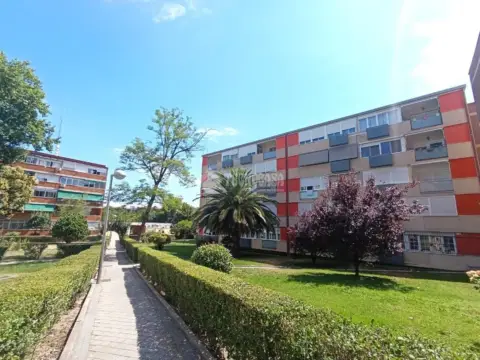 Piso en Rejas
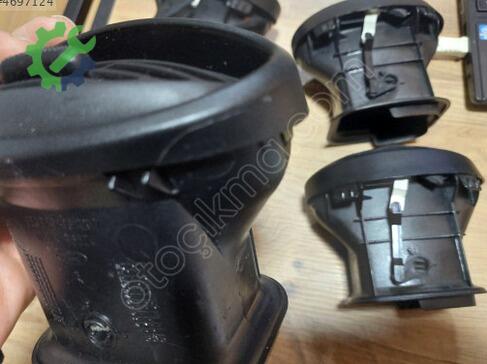 Ford Focus Havalandırma Izgaraları çıkma parça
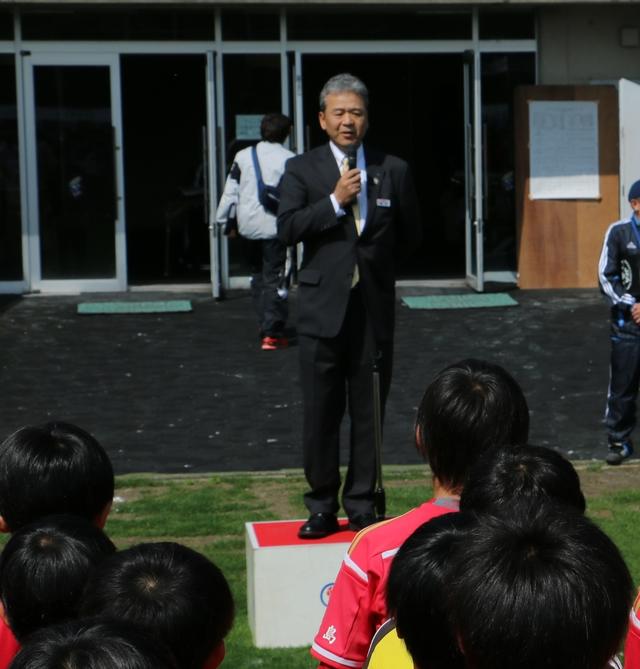 開会式であいさつを行う福永副本部長の内容を表示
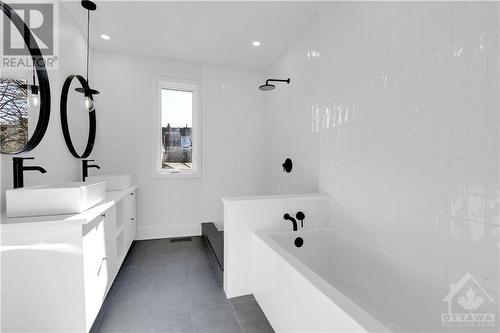 46A Fourth Avenue, Ottawa, ON - Indoor Photo Showing Bathroom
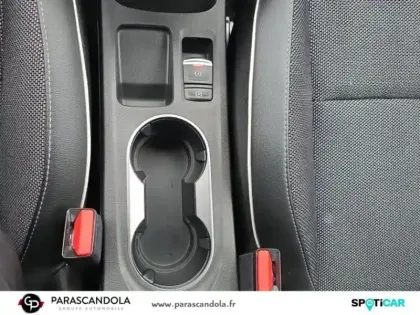 Photo 11 Renault Captur  1.3 TCe 130ch FAP Intens EDC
-=-=-=-=-
Beginning with the line that holds "Ford Focus Havalandırma" and continuing to the end of the entries above, set down each line exactly, both ends included; include no pictures.

 Ford Focus Havalandırma Izgaraları çıkma parça
 開会式であいさつを行う福永副本部長の内容を表示
 46A Fourth Avenue, Ottawa, ON - Indoor Photo Showing Bathroom
 Photo 11 Renault Captur  1.3 TCe 130ch FAP Intens EDC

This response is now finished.